Regional- und Lokalzeitungen leiden seit Monaten unter den Wut- und Hassmails. Wie können Sie darauf reagieren?

  • Sie moderieren, also geben eine Lesermail erst frei, wenn sie ein Redakteur gelesen hat. Das ist aufwändig, selbst wenn man die Kommentarfunktion nachts abschaltet (wie es einige überregionale Medien tun). Die zwei, drei Redakteure fehlen als Reporter und Rechercheure.
  • Sie verpflichten Kommenatoren, sich registrieren zu lassen und ihren Klarnamen zu nennen. Das vermindert, aber verhindert keine Hassmails.

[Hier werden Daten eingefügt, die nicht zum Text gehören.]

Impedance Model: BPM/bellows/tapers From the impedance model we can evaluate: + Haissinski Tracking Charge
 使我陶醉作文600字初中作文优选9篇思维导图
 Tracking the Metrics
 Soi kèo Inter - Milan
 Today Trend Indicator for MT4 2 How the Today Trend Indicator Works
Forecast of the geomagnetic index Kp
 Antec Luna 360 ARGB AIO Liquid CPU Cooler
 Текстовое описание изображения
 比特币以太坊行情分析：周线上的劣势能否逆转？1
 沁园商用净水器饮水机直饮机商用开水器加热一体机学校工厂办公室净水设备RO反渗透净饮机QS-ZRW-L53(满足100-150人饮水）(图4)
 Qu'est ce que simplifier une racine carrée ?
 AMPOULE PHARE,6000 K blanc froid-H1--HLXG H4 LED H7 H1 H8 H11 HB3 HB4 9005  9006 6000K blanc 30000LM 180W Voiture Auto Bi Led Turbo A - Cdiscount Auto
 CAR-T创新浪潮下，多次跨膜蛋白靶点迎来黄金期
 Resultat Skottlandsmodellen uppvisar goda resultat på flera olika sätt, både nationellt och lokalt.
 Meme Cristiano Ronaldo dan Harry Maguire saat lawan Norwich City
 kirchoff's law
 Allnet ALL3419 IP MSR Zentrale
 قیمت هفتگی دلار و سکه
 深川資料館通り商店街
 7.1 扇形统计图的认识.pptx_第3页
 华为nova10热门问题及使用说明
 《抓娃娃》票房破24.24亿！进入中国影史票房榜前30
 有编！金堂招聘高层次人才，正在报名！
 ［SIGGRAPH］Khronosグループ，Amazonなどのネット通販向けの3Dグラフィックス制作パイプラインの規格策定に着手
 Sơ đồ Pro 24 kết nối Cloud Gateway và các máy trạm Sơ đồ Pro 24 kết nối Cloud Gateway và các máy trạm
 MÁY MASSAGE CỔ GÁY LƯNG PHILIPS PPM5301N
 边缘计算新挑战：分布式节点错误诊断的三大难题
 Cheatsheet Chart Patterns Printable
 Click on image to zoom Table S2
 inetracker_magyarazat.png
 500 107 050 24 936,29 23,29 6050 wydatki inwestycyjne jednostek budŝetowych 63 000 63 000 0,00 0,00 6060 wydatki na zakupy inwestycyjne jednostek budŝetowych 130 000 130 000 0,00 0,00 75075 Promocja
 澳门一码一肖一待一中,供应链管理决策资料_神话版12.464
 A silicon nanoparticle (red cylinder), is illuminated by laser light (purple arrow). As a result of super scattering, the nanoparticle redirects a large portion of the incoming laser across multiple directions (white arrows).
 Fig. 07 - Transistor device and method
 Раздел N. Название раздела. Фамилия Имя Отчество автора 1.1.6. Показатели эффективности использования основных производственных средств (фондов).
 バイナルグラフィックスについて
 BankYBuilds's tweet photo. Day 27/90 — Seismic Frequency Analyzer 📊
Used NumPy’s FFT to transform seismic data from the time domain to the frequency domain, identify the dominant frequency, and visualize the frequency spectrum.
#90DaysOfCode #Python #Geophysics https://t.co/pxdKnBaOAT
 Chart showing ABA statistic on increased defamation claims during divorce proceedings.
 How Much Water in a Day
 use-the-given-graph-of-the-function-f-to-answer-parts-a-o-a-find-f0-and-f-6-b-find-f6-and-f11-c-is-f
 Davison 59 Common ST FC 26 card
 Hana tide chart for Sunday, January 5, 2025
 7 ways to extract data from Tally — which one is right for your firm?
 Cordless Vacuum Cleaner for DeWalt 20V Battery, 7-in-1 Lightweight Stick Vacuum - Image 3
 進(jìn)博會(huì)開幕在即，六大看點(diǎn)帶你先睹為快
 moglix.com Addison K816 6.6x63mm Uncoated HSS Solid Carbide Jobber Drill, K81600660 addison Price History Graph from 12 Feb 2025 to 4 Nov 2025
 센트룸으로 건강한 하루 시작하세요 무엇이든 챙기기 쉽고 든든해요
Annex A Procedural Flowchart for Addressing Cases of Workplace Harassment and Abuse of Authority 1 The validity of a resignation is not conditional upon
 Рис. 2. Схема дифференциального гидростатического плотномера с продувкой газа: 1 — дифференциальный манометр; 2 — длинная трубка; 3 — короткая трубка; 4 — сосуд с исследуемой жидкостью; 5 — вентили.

  • Sie lassen die Netzgemeinde entscheiden und richten einen Warn-Knopf ein: Jeder Leser kann ihn drücken und auf Prüfung und Entfernung bestehen. Dann steht der Hass-Post aber minuten- oder stundenlang erst einmal im Netz.
  • Sie schalten die Kommentare komplett ab und bestrafen damit die ehrlichen Leser.
  • Sie lassen alles durch und riskieren, dass die Leser an der Seriosität der Zeitung zweifeln – und der Staatsanwalt anklopft.